Macklemore and Ryan Lewis recently released "White Privilege II" (feat. Jamila Woods), a nearly nine-minute song in which Macklemore attempts to understand his place in black culture, specifically that related to hip hop music and Black Lives Matter demonstrations. Meanwhile, white, wealthy politicians and celebrities have integrated themselves in the Flint water scandal; everyone has an opinion on the Oscar boycott; and we are back to having very white presidential candidates vying for black votes. Macklemore's song may have found a distinct tune in the race relations conversation and may be an engaged answer to, "what should white people do or not in response to racism?" Macklemore's song is relevant, sure, but is it necessary?

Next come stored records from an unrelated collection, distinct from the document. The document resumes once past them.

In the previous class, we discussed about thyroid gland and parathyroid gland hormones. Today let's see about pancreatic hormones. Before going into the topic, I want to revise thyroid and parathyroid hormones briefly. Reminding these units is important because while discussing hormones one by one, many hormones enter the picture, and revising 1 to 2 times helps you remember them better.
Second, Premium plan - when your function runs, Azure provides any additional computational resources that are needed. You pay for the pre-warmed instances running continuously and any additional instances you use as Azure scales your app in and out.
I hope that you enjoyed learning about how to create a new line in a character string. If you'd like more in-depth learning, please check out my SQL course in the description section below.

Why is it necessary politically? It's necessary because black communities have the political power in this conversation--which Macklemore recognizes. Black communities have the political assignments. Their homework is outward. Having been involved in intersectional movements from an LGBTQ lens, I know how vital it is for allies to talk about the institution of discrimination and how fine the line often is between support and appropriating. Macklemore's frustration throughout the song encapsulates the supreme whiteness paradox of "why can't I fix this"? It's a perfect vocalization of how it should feel--specifically for a straight, white, rich, American man--, as if the situation is out of control, because control is the whole point. But it's not out of control, it's simply out of control of the privileged. The most necessary thing Macklemore can do is stand and bear witness.

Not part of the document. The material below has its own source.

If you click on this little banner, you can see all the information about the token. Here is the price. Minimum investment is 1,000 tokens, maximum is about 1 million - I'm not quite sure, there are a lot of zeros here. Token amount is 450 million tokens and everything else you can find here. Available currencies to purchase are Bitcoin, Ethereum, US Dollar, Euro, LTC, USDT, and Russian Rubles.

Politically, it's a shift in power because the person with the least privilege, by definition, has the most experience to share about oppression--thus, these people should be the clearest and first voices on the microphone. Those who are privileged cannot speak to the plight of the minorities in a way that can create lasting change, unless it is an amends. Because of the power deferential, it is a requirement for the disenfranchised to rise in their own way, not a way paved for the status quo--this is essential for equity. Politically ("political" meaning ways of influencing people), it is essential that Macklemore sing songs about his limits in this particular cause. He may help fan the flame, but it must be the minority group to ignite the first spark, and determine when the job is done. Politically, the accomplishment rests in the movement, no rapper, presidential candidate, not even Abraham Lincoln with the Emancipation Proclamation could rid America of racism. It has to rest in the collective.

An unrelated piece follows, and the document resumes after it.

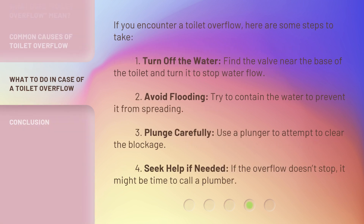If you encounter a toilet overflow, here are some steps to take. First, turn off the water — find the valve near the base of the toilet and turn it to stop water flow. Second, avoid flooding — try to contain the water to prevent it from spreading.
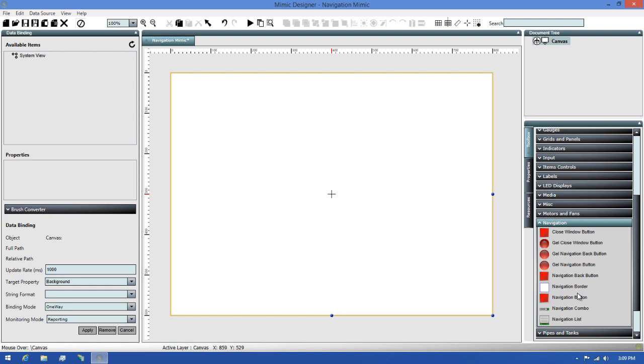Looking through the controls, we've got a wide selection of tools we can use for navigating. We have these gel buttons that we can use if we need to add some fancy UI. These give off the appearance of being a gel-like substance. There's a navigation button, a backwards navigation button, and a button that will close the window you're currently viewing.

Why is it necessary spiritually? Because the non-black (specifically white) communities have the spiritual homework. White people cannot speak to a black person's response to racism or classism or integrated hate. However, white people can consider the racism in themselves and acknowledging the unhealed trauma of black v. white in America. Whereas the majority of white people today might not be actively aggressive toward black people does not negate that there is an untended to, inherited wound that left black communities disadvantage, thus inequitably elevating the status of non-blacks. Responsibility stems from an ability to respond, not react; a responsible country and generation would note this. Where have we, as white folk, reacted when we should have responded to these systems? This issue asks us to not just move on, but undo. The race relations can only experience a collective healing if there are enough people doing the inner work to purify their own hearts and histories of racism, making it possible to not pass it down another generation.

Racism, as a spiritual issue, is a white person's issue because it is the white person's mind that needs a new understanding which requires transcendence of old ideas, not building off of old ones. We do not need incremental steps but a shocking shift in perspective. Our race relations need to be leveled out. We do not need black communities to make strides in their own right (as they already have and do) to compete in the world of white people's rules and systems that automatically favor whiteness; we need to deconstruct what diversity means religiously and spiritually. A country founded on the spiritual principle of unity would be destined to deepen what it means to be united. We are experiencing division and confusion, not because of our diversity but in spite of it. Diversity is a pre-requisite to unity. Unity holds no value in uniformity, assimilation or sameness. Unity is, in fact, impossible unless that which comes together is diverse.

Macklemore is on the outside looking in and the inside looking out as he questions in his lyrics, but most importantly he is looking, and watching, and witnessing and hopefully leaving enough room for the voices of the oppressed to rise, not because he or the majority of white people did anything wrong, but because as a united country, it is our responsibility to hold a space for healing no matter how uncomfortable it may be.